Extracted information:
######

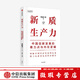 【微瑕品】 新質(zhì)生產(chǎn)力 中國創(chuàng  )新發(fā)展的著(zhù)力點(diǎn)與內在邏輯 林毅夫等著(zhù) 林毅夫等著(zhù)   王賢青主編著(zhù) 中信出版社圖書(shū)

######

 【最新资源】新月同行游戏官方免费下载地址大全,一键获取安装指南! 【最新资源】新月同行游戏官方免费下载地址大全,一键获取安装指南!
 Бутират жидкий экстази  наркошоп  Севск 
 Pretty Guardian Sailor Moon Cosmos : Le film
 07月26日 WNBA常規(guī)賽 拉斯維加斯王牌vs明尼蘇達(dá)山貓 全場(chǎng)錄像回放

######

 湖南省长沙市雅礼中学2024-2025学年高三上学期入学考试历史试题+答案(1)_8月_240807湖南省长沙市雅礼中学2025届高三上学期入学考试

######

What this task involves:
Begin at the line that has "Pretty Guardian Sailor Moon Cosmos : Le film" in the entries above; stop after the line that has "07月26日 WNBA常規(guī)賽 拉斯維加斯王牌vs明尼蘇達(dá)山貓". Transcribe exactly those lines and no others.

Finished task:
 Pretty Guardian Sailor Moon Cosmos : Le film
 07月26日 WNBA常規(guī)賽 拉斯維加斯王牌vs明尼蘇達(dá)山貓 全場(chǎng)錄像回放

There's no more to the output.